There are numerous corporeal practices which, in their postural and mechanical preferences, offer a culturally and esthetically imprinted vision of the world. One dance strives to keep the hips and the legs open; another concentrates on muscular contractions and releases; still another prefers undulatory possibilities of the trunk. Each technique shows its own portrait of the human and his/her environment. One can make the same observation of theatre repertories today. Actors, directors, and teachers claim, through their physical or psychological or aesthetic approach to representation (or all three combined) a certain manner of being or of acting. The respective qualities of different methods are not in question. Let's say simply that the interpretations are often more than foreseeable, the origins of their performances identifiable even before they are born.
But one would reply that there is certainly a "Decrouvian actor." Certainly, but he is a chameleon, a stowaway, a "member of the Resistance." He has no particular identity because he has all of them at once.
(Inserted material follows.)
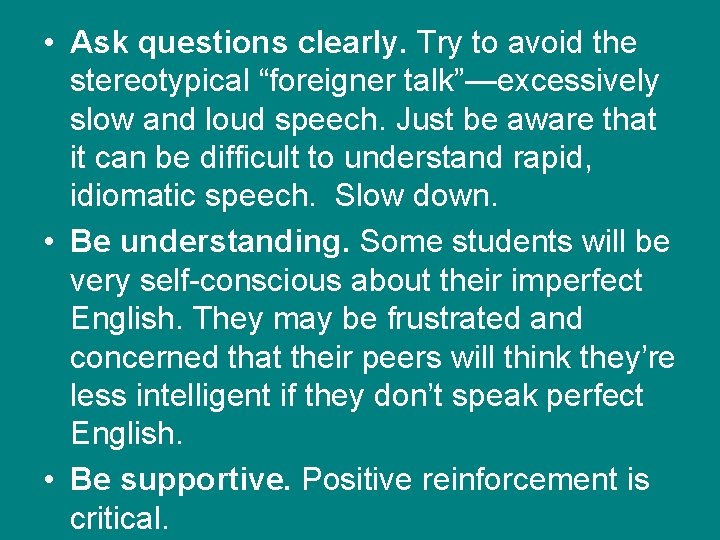  • Ask questions clearly. Try to avoid the stereotypical “foreigner talk”—excessively slow and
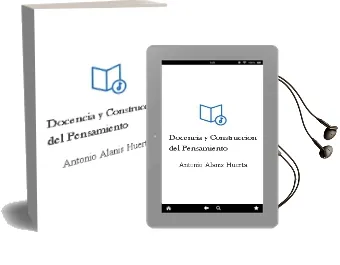 Descargar AudioLibro Docencia y Construcción del Pensamiento. de Antonio Alanís Huerta año 1990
In effect, if he possesses the art of action, it is to triumph better in the arts of being; and if he has known a silent apprenticeship, it is so that he can, if he so desires, rediscover the value of sounds and of words. If I may allow myself a comparison, Etienne Decroux is a mystic and not a member of a religious order. He is to the theatre what certain Sufis are to churches, Steve Wasson once said in a lecture on the Decroux repertory. Others would say that he was political but not at all dogmatic, and, if his writings or his words seem prophetically influenced, he always had the modesty to say that he was an observer and not a discoverer. The supreme modesty of this great man! Always moving, he summed up his life with this sentence: "I have invented nothing; I have only invented my belief in it [corporeal mime]." It is therefore always very dangerous to assert that there are forbidden or permitted areas in corporeal mime. "To know what to do, to know how to do it, to assimilate, to be prompt." This was the teaching slogan put forward by Etienne Decroux. It is a vast and optimistic program which supposed that those present had the time, the time to study. Etienne Decroux worked a long time, 50 years, to "show outside what goes on inside."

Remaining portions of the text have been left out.